--- START ---
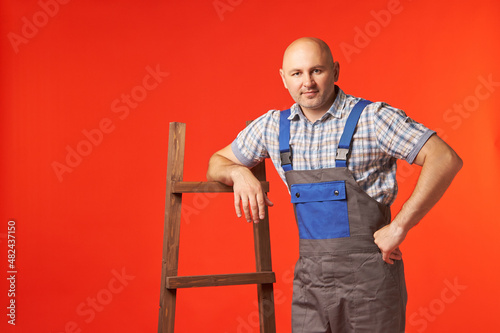 Bald man in work clothes is standing with his hand on the stairs, a photo on a red background. An employee is resting, holding onto a wooden ladder. © Aleksandr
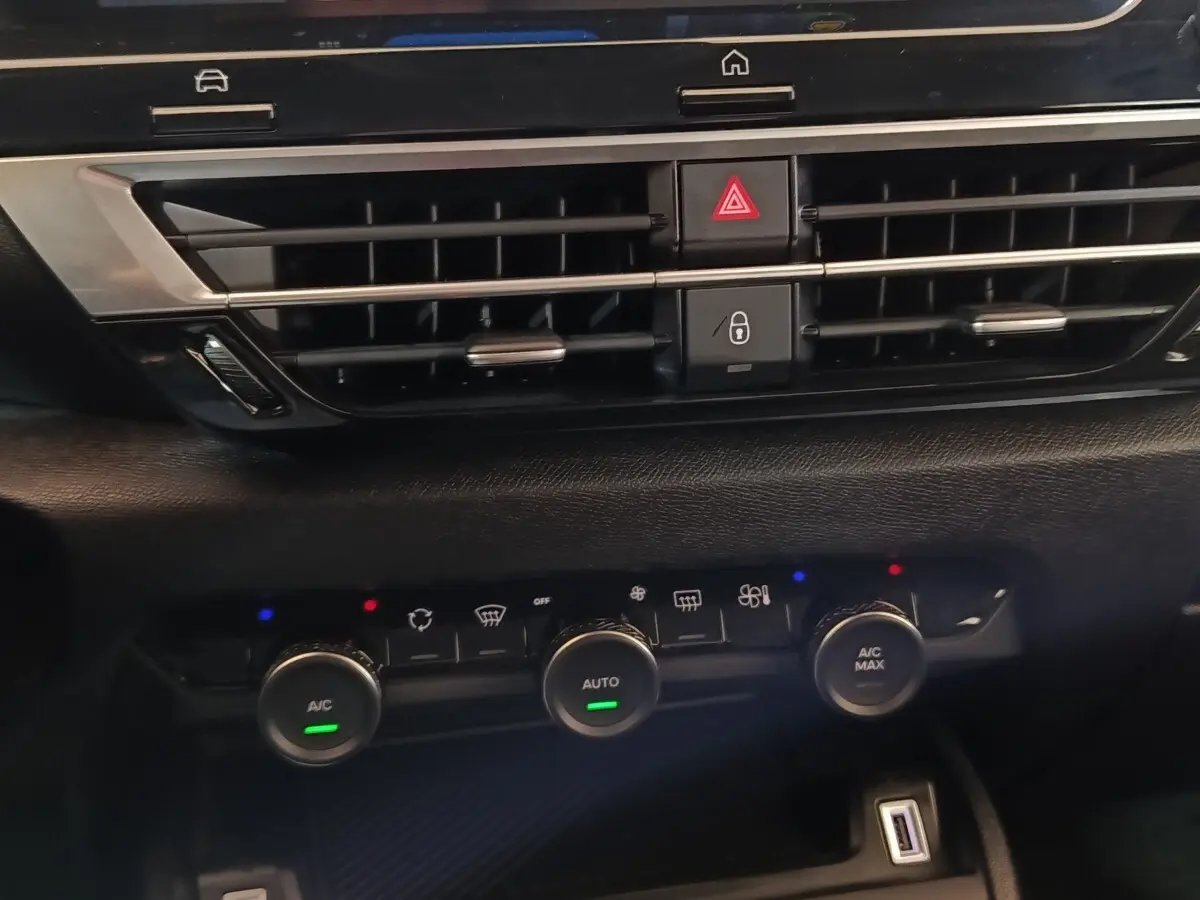Vue rapprochée du tableau de bord central noir du Citroën C4 X 2023, avec commandes climatisation et prises USB visibles.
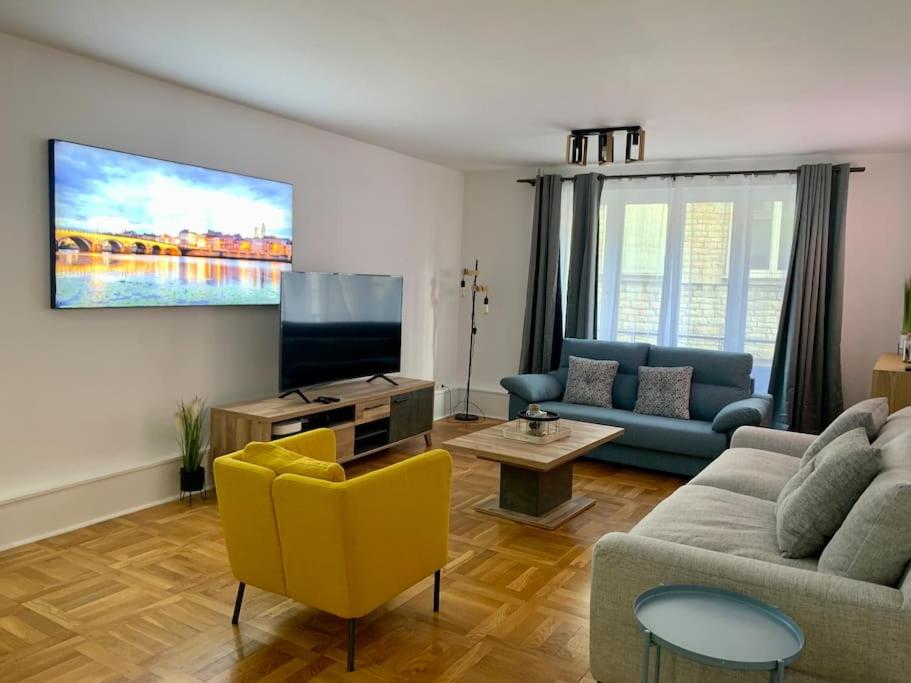 a living room with a couch and a tv at Maison Okaina, Sauna, Au centre-ville de Macon in Mâcon
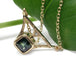 Art Deco inspired yellow gold necklace with green sapphire and diamond, on leaf background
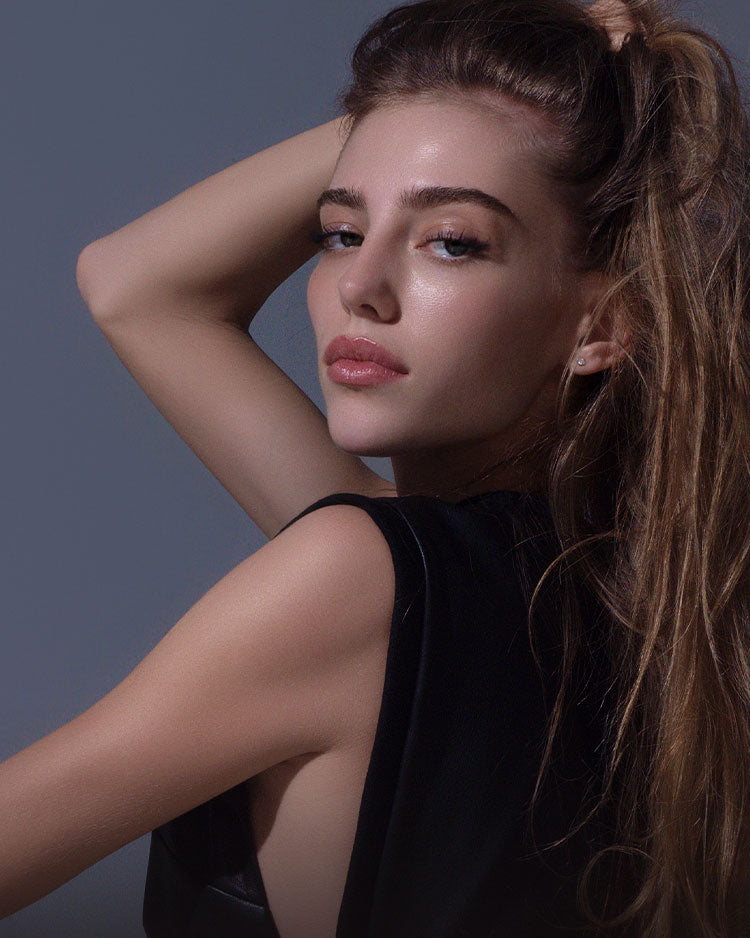 Model with soft makeup and long eyelashes against a dark blue background.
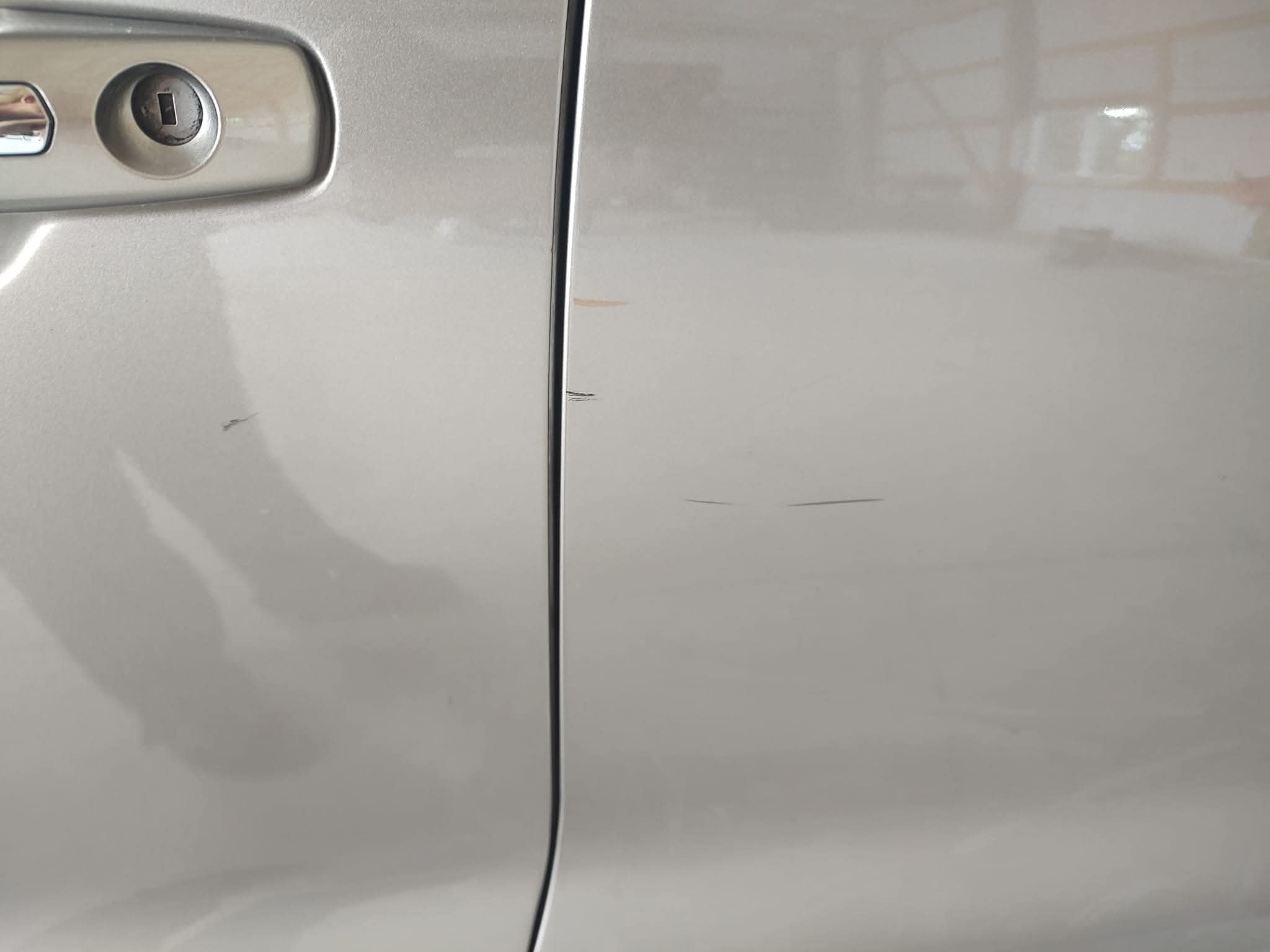 Car paint with swirl marks and scratches
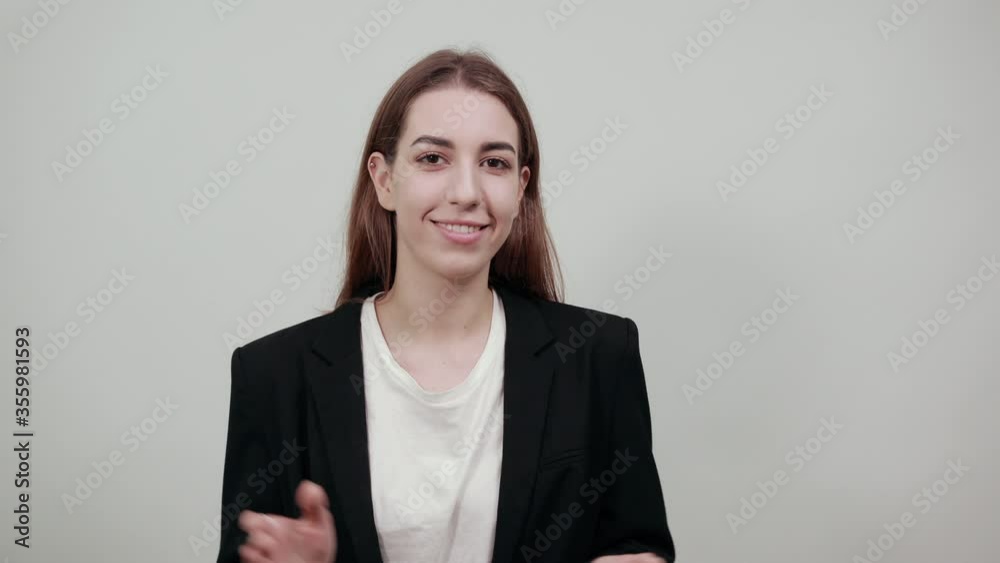 People clapping their hands during a meeting, congratulation and appreciation. Young attractive woman with brown hair in light t-shirt, black jacket on white background People clapping their hands during a meeting, congratulation and appreciation. Young attractive woman with brown hair in light t-shirt, black jacket on white background
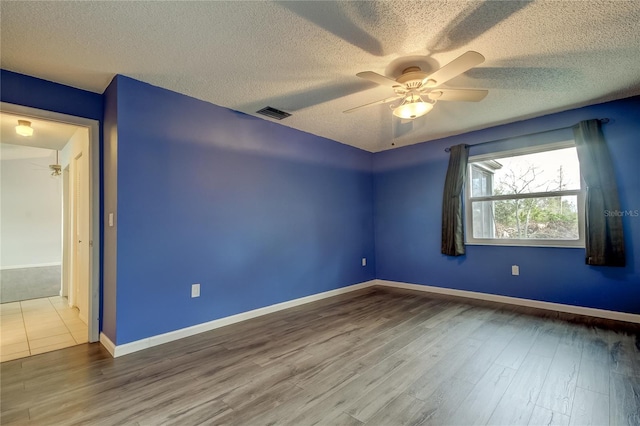 unfurnished room featuring hardwood / wood-style floors, ceiling fan, and a textured ceiling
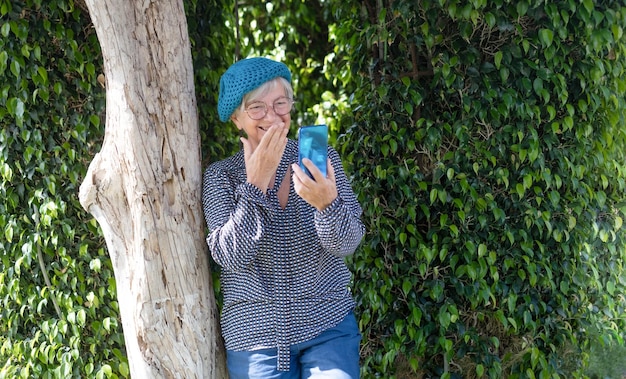 Smiling attractive senior woman sitting in the garden sous un arbre à l'aide de téléphone mobile en appel vidéo fond vert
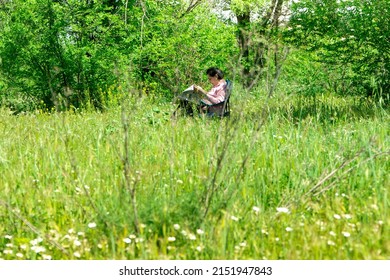 Madrid, Spain;05012022: Old Lady Reading The Newspaper On The Grass In The Middle Of The Field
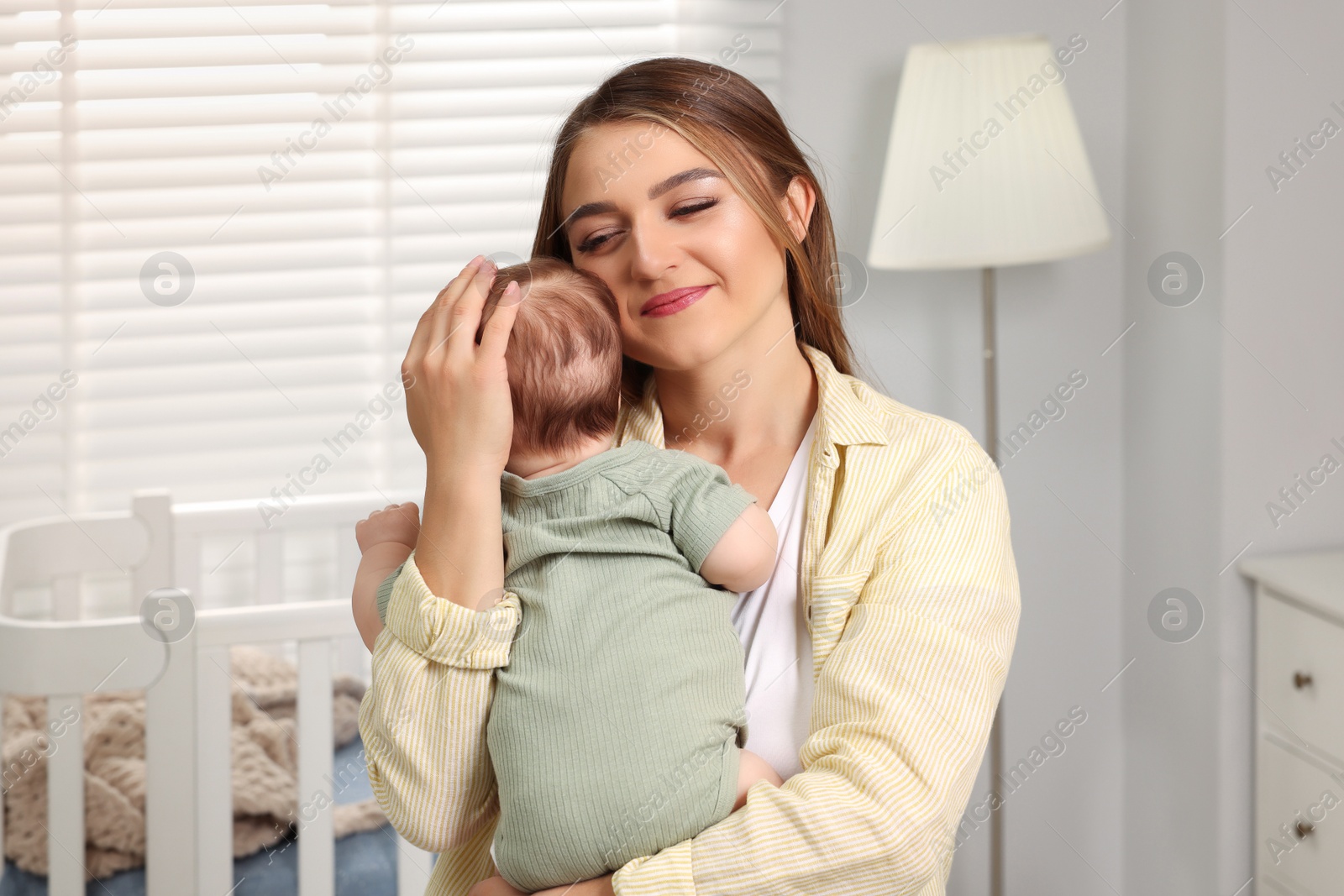 Photo of Mother holding her cute newborn baby in child's room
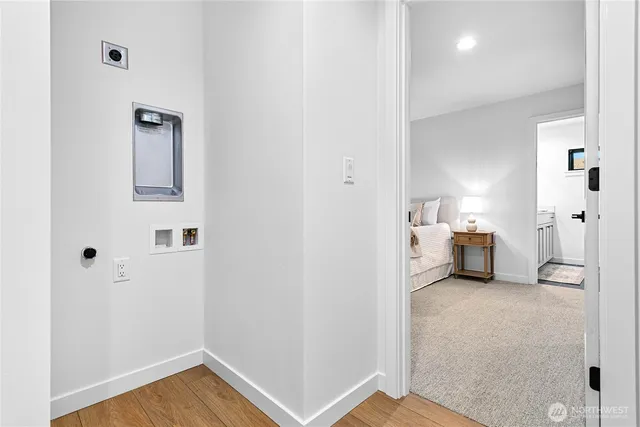 a view of a room with wooden floor and bathroom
--- END ---
Emit an exact copy of the lines from the line bearing "Vue rapprochée du" through the last line above, inclusive, and leave the images out.

Vue rapprochée du tableau de bord central noir du Citroën C4 X 2023, avec commandes climatisation et prises USB visibles.
 a living room with a couch and a tv at Maison Okaina, Sauna, Au centre-ville de Macon in Mâcon
 Art Deco inspired yellow gold necklace with green sapphire and diamond, on leaf background
 Model with soft makeup and long eyelashes against a dark blue background.
 Car paint with swirl marks and scratches
 People clapping their hands during a meeting, congratulation and appreciation. Young attractive woman with brown hair in light t-shirt, black jacket on white background People clapping their hands during a meeting, congratulation and appreciation. Young attractive woman with brown hair in light t-shirt, black jacket on white background
 unfurnished room featuring hardwood / wood-style floors, ceiling fan, and a textured ceiling
 Smiling attractive senior woman sitting in the garden sous un arbre à l'aide de téléphone mobile en appel vidéo fond vert
 Madrid, Spain;05012022: Old Lady Reading The Newspaper On The Grass In The Middle Of The Field
 Photo of Mother holding her cute newborn baby in child's room
 a view of a room with wooden floor and bathroom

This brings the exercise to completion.